→ **PROBLEM REQUIREMENTS**:
Beginning with the line where "The Gilded Tines Vase Set (2 Piece)" occurs, set down each line of the records through the final one, exactly and without additions.

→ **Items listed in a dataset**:
*** Block opens ***

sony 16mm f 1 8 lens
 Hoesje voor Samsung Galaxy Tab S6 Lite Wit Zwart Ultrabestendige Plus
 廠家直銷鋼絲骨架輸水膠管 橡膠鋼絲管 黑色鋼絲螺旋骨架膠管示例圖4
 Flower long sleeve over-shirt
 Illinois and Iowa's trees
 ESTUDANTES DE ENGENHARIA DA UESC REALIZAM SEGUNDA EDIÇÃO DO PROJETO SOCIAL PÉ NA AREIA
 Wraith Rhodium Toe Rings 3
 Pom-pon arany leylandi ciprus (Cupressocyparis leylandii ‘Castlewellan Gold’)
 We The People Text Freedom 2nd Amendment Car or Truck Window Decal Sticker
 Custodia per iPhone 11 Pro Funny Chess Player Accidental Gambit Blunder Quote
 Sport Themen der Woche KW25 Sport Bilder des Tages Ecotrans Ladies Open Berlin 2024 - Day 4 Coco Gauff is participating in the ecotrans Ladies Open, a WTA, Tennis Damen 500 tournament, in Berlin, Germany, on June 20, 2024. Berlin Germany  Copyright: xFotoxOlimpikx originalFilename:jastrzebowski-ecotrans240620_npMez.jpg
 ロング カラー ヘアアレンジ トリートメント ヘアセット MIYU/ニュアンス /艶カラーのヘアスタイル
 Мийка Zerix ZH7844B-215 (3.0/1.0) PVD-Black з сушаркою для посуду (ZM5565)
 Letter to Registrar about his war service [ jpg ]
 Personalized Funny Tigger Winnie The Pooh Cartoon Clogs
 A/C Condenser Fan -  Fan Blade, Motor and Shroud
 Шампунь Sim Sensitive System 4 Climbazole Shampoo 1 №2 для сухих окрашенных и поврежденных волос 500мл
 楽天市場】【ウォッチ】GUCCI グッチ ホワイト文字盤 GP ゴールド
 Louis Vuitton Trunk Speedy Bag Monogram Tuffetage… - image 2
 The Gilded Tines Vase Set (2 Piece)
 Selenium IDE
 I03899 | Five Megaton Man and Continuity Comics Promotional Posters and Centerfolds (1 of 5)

*** Block closes ***

→ **WRITTEN REPLY**:
 The Gilded Tines Vase Set (2 Piece)
 Selenium IDE
 I03899 | Five Megaton Man and Continuity Comics Promotional Posters and Centerfolds (1 of 5)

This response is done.